De acordo com os cálculos recentes divulgados pelo Banco Central a respeito do spread, observa-se uma leve redução nas operações com pessoa física (atualmente em torno de 30% ao ano) e uma tendência à manutenção das operações com pessoa jurídica no patamar de 17% ao ano. Na média do sistema, os níveis atuais são de 23% ao ano. Apesar de toda a crítica à metodologia, os valores são bastante elevados para qualquer tipo de comparação internacional e poderiam ser objeto de redução significativa.

Para tanto, bastaria o Banco Central assumir de forma efetiva a sua função de órgão regulador e fiscalizador do sistema financeiro, rompendo com a lógica de defender os interesses do sistema bancário e passar a defender os interesses do conjunto da sociedade na sua relação com tais instituições. As medidas são simples, mas falta vontade política para fazê-lo. Isso porque os interesses dos bancos são fortes, todos sabemos. Bastariam decisões da própria diretoria do BC e do Conselho Monetário Nacional, estabelecendo limites e prazos de adaptação dos bancos na sua prática de spread mais reduzidos junto aos clientes.
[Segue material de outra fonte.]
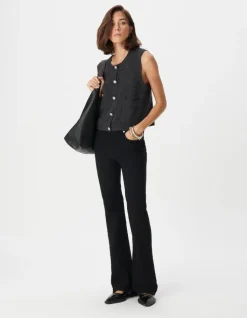 Cardigan sans manches gris anthracite 100% laine boutonné Femme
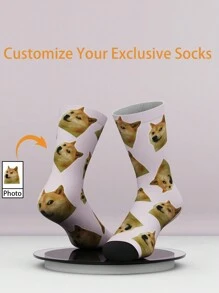 1pair Customized Face Print Funny Mid-Calf Socks, Personalized Socks With Handsome Guy/Pretty Girl Photos, Unique Customized Couple Mid-Calf Socks, Great Gift For Valentine's Day, Birthday And Other Occasions - Multicolor - View 1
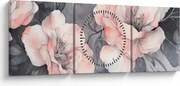 Obraz - Séria kvetov (s hodinami) (90x30 cm)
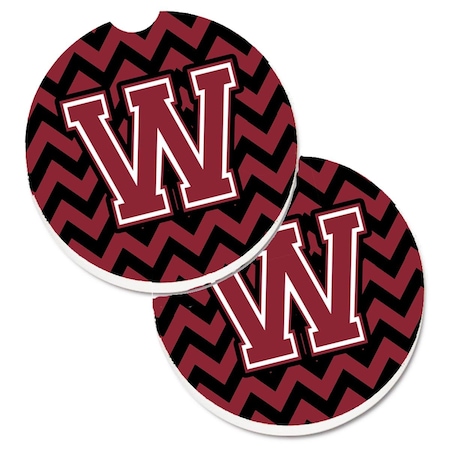 Carolines Treasures Letter W Chevron Garnet and Black  Cup Holder Car Coaster, PK2 CJ1052-WCARC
Por outro lado, o governo deveria utilizar o poder de pressão e de mercado das duas grandes instituições bancárias federais no mercado de varejo: o Banco do Brasil (BB) e a Caixa Econômica Federal (CEF). Ao invés de jogá-los para fazer a concorrência seguindo as regras indecorosas dos bancos privados, a estratégia deveria ser exatamente a oposta. Recuperar o caráter público dos dois bancos estatais e começar a praticar taxas de juros com spread reduzido e tarifas bancárias menos escabrosas. Juntos, os dois representam 1/3 dos ativos do sistema financeiro. Além disso, tendo em vista a boa imagem das instituições junto ao mercado e à opinião pública de forma geral, tal comportamento certamente obrigaria a banca privada a reduzir suas margens para se manter competitiva e não perder sua fatia de mercado. Afinal qual a necessidade das duas estatais serem responsáveis por 1 em cada 4 reais de lucro do sistema financeiro?

O que mais impressiona é que um tema tão importante e sensível como esse esteja ainda quase ausente do debate das eleições de outubro. Com a palavra, candidatos e candidatas.